If you are bullish on the long-term possibilities for cryptocurrencies to transform many of the foundational services of our lives, then this recognition by the federal government of crypto's fundamental importance can only be viewed as an affirmation of that position. The industry welcomes the open dialogue. The debate is no longer whether crypto will survive; the debate has shifted to encouraging responsible innovation and how the U.S. can maintain a leadership position in this innovation.

Kristin Smith is the executive director of the Blockchain Association, the Washington D.C.-based trade association representing the most prominent and reputable organizations in the crypto industry.

A short time ago, policymakers typically viewed crypto with some combination of confusion, derision or apathy. Even just last summer, Congress slapped misguided Internal Revenue Service requirements on crypto entities to raise cash for the infrastructure bill. Now, the president of the United States is publicly saying that the federal government must do its due diligence before moving forward with new regulation.

By directing federal agencies to study crypto, the president is acknowledging the importance of getting the regulation of this space right. Crypto is regulated today by a patchwork of directions from multiple agencies, from the IRS to the Securities and Exchange Commission to the Treasury Department's FinCEN. Some of those guidelines are vague, others are contradictory and many of them fail to adequately set clear and consistent rules that nurture crypto innovation while protecting consumers.

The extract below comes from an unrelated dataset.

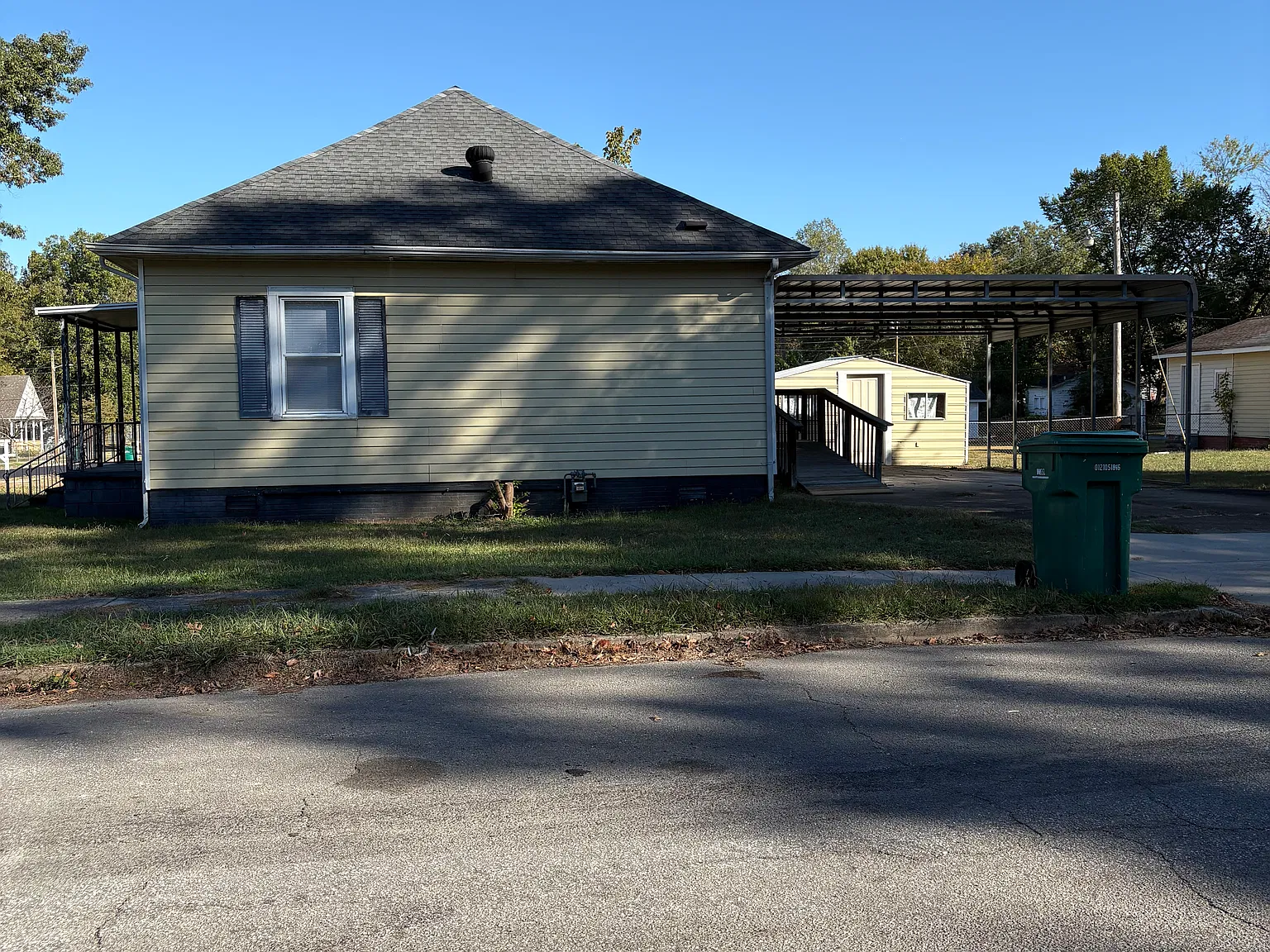 2 bed, 896 sqft, $1,100 — Photo 2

The current regulatory landscape will only cause more challenges for crypto as the industry matures. Entrepreneurs and founders can’t focus on growing their business, creating jobs and providing the best services to consumers if they’re ensnared in uncertainty. That’s why the crypto industry has repeatedly called for an open and productive conversation with government. President Biden’s executive order brings us closer to that goal.

However, an executive order can only go so far. We need the other end of Pennsylvania Avenue – Congress – to examine if legislation is needed. As history proves, this type of action can have enormous benefits for our society.

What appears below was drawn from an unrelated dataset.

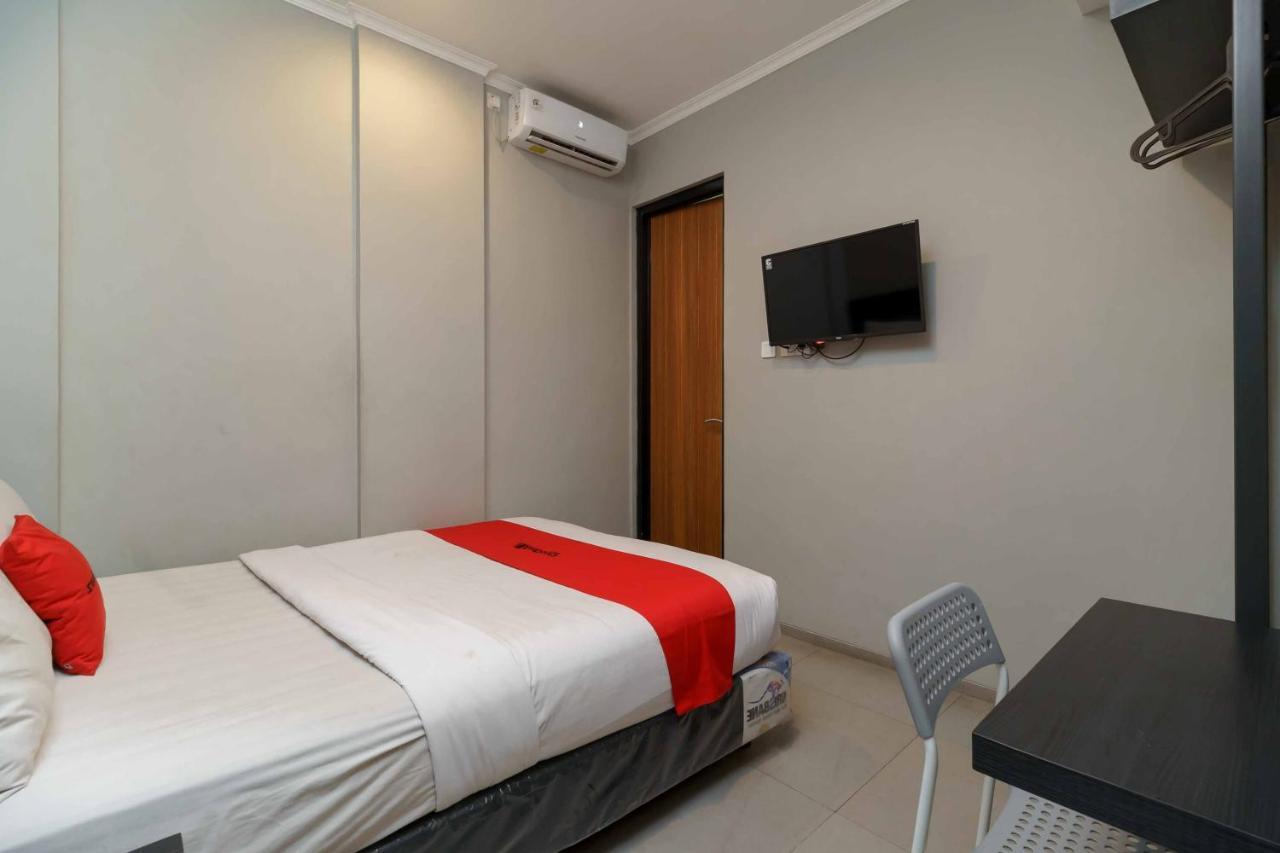 Reddoorz Plus Near Radio Dalam 3 Jakarta Kültér fotó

In the 1990s, a novel technology called the internet was growing fast, and regulators suddenly had to grapple with how to address it. Ultimately, Congress passed legislation that provided clear rules and necessary protections while giving tech companies the breathing room to create better products. If Congress considers the same for crypto as it did for the internet, then we could see a similar explosion of innovation.

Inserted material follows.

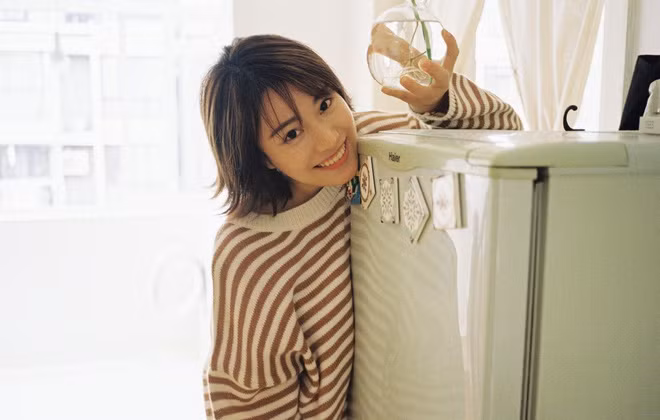 Vốn sở hữu một gương mặt xinh xắn, sống mũi cao thẳng, đôi mắt to tròn và nụ cười tươi rói, mái tóc ngắn còn giúp Hiểu Nhiễm thêm phần cá tính và dễ thương.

That innovation could have an impact on communities. Crypto technology has the power to provide financial services to the unbanked and underbanked, give individuals control over their finances, make data storage secure and private, and so much more.

None of that will be possible without clear rules for the industry.

Crypto is a transformative technology that’s simply too important to leave to a scattershot of regulations, and it’s very encouraging that President Biden recognizes this in his executive order. Now, the rest of the government should follow his lead and help power the crypto boom of the 21st century.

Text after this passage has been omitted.